Our internship class is heading into a very busy and stretching season. February 1 marks the beginning of our "ministry projects". We're not yet sure what our ministry project will consist of, but what we do know is that we will be making an intense commitment to our neighbors/neighborhood and to being faithful to the ministry to which God calls us. Our schedule will be very full with SP meetings, ministry obligations, and regular encounters with our neighbors.

This season of the internship is also a great season to really be thinking about evangelism. It's clear that the Lord is really going to challenge and stretch our team to know our neighbors. And I think he will also grow us in the way of evangelism - calling us to be bold, to take risks, and to overcome our insecurities and fears. It's with excitement and reservation that I type these words. I desire so badly to grow in evangelism, but I also cringe at the thought of talking to strangers and talking about spirituality.

At the end of our meeting, our staff guy, Brad, wanted to spend some time in prayer. Instead of praying in general for our team he asked if one person might be willing to ask for prayer, confessing their fears and voicing their desire to grow and change through the power of the Holy Spirit. After a few seconds of conviction and slight panic, I voiced my desire for prayer. I've always yearned to be bathed in prayer, asking for the baptism of the Holy Spirit. I desire to be freed from my insecurities and fear of rejection. I desire to be fully secure in my identity in Christ and free to love and speak with authority. "For God has not given me a spirit of fear and timidity, but a spirit of power, of love, and of self-discipline" (2 Tim 1:7).

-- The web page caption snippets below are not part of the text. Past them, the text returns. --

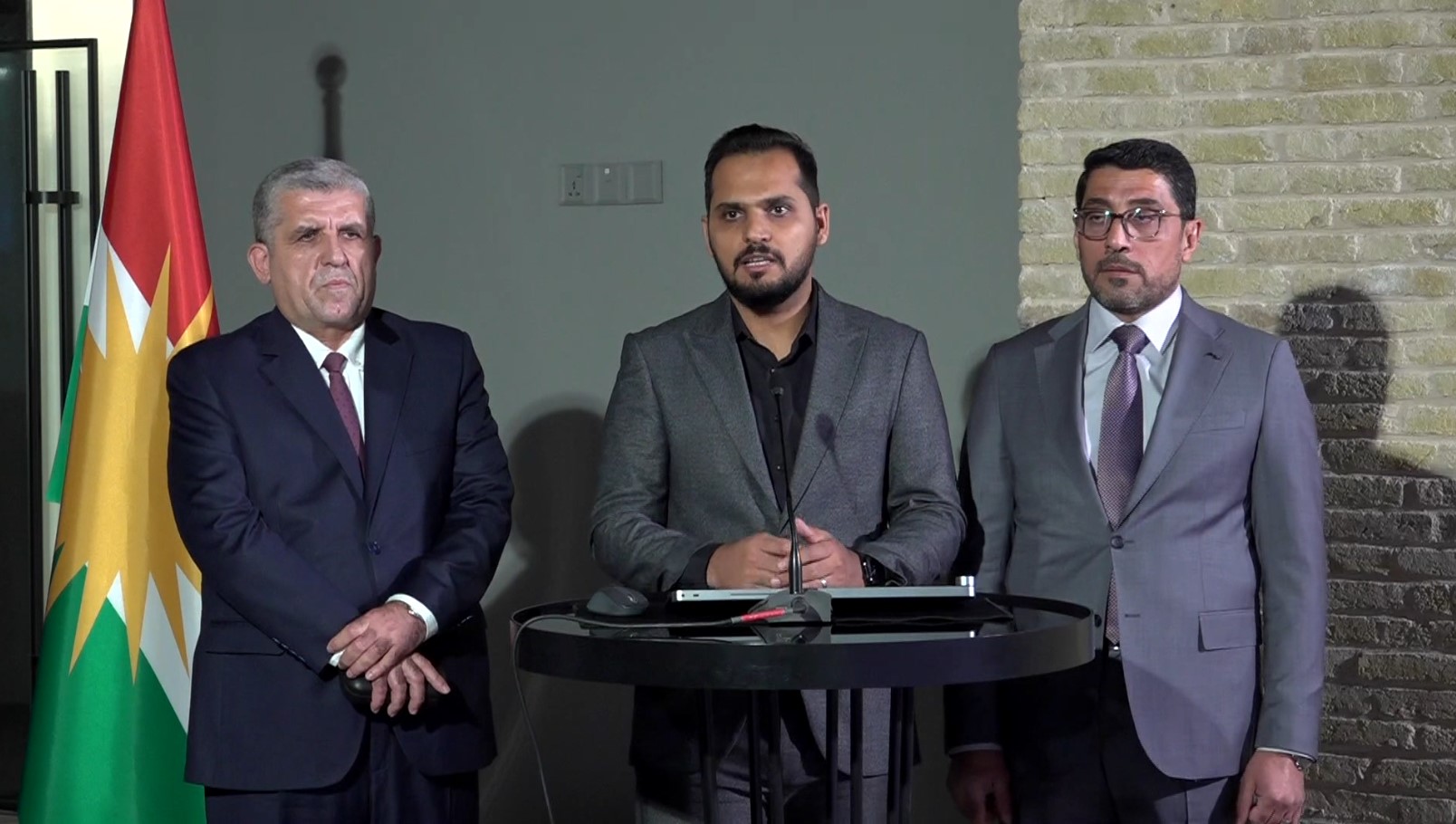 لەهەرێمی کوردستان تیروپشککرا و ناوی 5 هەزار کەس بۆ حەج  ڕاگەیێنرا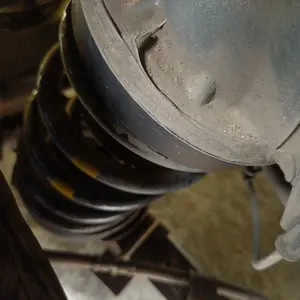 Karet Spacer Per Keong Belakang Avanza Xenia Terios Rush Grand Max Set Kanan Kiri Ban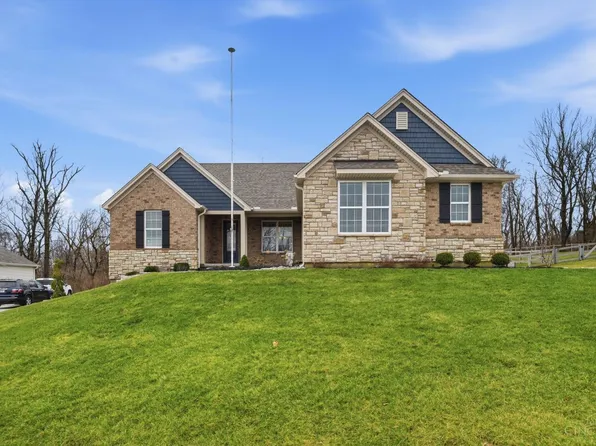 3519 Sunny Acres Dr, Hamilton, OH 45013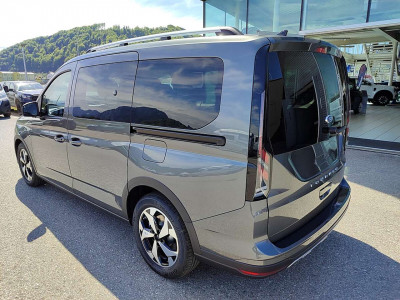 Ford Tourneo Connect Neuwagen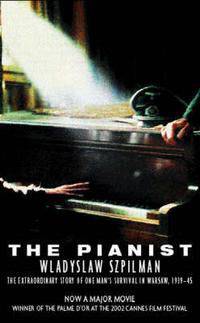 Pianist (film tie-in)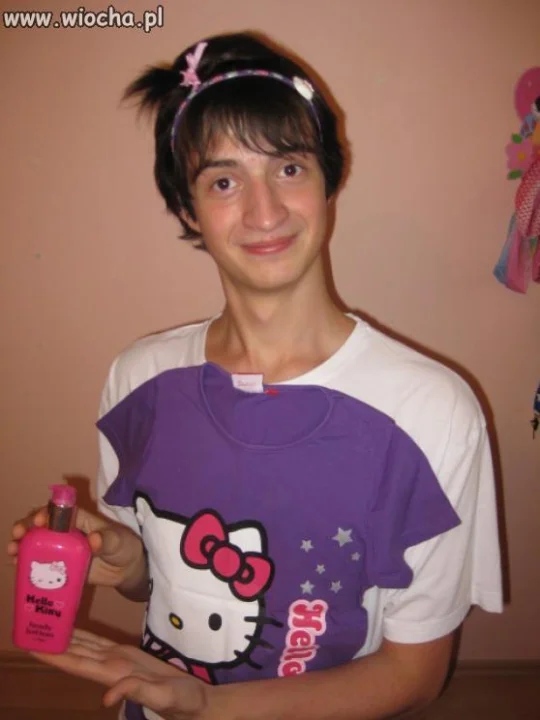 Hello Kitty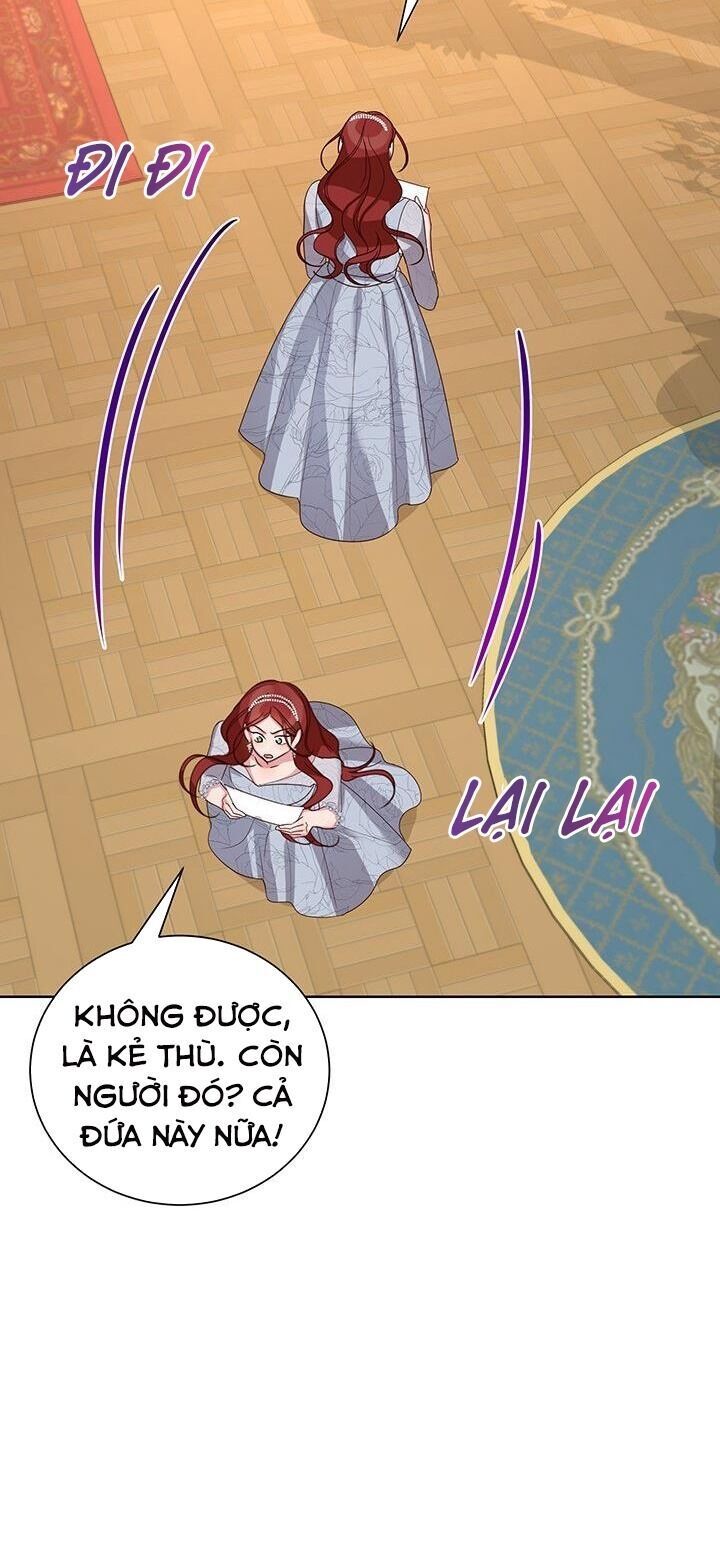 Tôi Sẽ Chỉ Sống Như Một Nhân Vật Phản Diện Chapter 32.2 - 32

I was then blessed by about 20 minutes of prayer from my teammates. What a blessing! They voiced my desires and pleaded with the Holy Spirit to fill me and lead me. I was given the blessing of power and authority and my tongue was loosed to speak truth to whoever God puts in my path. I felt free, I felt empowered. I pray the Lord will continue to grow in me a spirit of power and authority and a passion for sharing his truth with my neighbors. May this change be real and lasting. Praise God!

1 comment:

  1. Absolutely beautiful, Ali! And way to go on reaching out and grabbing those prayers. That takes courage and humility. I sure love ya, friend!